Les Jeux Olympiques rythment la vie des athlètes de haut niveau tous les 4 ans. Mais ils donnent également le tempo à plusieurs grandes marques qui s'arrachent le droit d'être qualifiées de sponsor olympique officiel, à coups de dizaines de millions de dollars. A Londres, elles étaient 11 à intégrer le grade de "top sponsor" (mise d'entrée minimum de 50 millions de dollars) : Coca-Cola (qui est citée avant toutes les autres, hors règle alphabétique ...), Acer, Atos, Dow, General Electric, Mac Donald's, Omega, Panasonic, Procter&Gamble, Samsung et Visa. 14 autres viennent compléter la liste des sponsors officiels : Adidas, BMW, BP, British Telecom, EDF, British Airways, UPS, Lloyds TSB, Cisco, Adecco, Cadbury, Thomas Cook, Arcelor Mittal, et Deloitte. Tous ces sponsors sont les seuls à pouvoir lier leur nom à celui des JO entre 2008 et 2012 et auront rapporté au CIO la bagatelle de 957 millions de dollars (soit dit en passant bien moins que les seuls droits TV qui auraient rapporté quelques 4 milliards de dollars à ce même CIO !).

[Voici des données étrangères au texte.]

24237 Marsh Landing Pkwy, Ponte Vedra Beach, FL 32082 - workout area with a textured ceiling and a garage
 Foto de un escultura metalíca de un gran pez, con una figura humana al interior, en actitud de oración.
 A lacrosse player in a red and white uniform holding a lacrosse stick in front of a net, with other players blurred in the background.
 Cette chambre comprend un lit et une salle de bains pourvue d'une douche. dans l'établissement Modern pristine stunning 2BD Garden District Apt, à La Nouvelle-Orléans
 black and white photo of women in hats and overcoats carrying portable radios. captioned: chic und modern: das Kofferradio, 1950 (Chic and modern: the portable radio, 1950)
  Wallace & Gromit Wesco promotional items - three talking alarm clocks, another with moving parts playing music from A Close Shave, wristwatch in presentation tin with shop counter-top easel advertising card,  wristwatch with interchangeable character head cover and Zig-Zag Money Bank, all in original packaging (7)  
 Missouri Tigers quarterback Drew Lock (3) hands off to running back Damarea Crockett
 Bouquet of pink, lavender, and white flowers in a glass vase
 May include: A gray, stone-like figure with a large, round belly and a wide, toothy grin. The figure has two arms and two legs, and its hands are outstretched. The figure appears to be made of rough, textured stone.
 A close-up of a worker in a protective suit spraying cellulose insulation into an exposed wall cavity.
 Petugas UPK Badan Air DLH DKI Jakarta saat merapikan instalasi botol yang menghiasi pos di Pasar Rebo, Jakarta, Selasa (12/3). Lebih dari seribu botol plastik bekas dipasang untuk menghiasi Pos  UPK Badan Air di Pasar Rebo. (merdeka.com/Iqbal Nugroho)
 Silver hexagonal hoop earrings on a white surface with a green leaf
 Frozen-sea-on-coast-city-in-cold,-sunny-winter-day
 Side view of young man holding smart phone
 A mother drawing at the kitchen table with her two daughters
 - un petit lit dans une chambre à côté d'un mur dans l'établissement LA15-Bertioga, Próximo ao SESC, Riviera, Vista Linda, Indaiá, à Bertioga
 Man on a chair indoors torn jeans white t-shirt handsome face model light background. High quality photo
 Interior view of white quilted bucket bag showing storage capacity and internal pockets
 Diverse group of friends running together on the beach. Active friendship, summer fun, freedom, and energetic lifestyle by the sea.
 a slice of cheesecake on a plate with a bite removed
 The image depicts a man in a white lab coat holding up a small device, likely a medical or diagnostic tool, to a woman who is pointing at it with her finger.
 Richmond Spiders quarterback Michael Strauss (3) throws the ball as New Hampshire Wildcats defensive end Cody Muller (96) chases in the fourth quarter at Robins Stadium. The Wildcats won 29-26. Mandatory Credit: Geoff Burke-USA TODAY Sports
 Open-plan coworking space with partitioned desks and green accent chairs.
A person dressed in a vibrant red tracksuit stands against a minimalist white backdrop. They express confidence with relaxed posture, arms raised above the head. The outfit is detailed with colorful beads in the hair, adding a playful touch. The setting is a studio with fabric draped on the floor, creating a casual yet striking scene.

Ces marques ont juste gagné le droit d'utiliser le logo des JO, ainsi que celui de dépenser encore plusieurs autres millions de dollars en publicités. Il s'agit en effet à présent de faire savoir au plus grand nombre (on estime que 3,4 milliards de personnes auront regardé au moins un événement des JO de Londres) qu'elles véhiculent les mêmes valeurs que celles portées par l'olympisme. Oui, mais quelles sont ces valeurs ? Comment les marques s'associent-elles aux JO ? Quels choix font-elles au moment de lier leur destinée à celle de cette institution centenaire et mondialement connue et attendue ? Je me suis amusé à décortiquer plusieurs spots publicitaires afin de savoir ce qu'inspirait l'olympisme à ces mastodontes du marketing.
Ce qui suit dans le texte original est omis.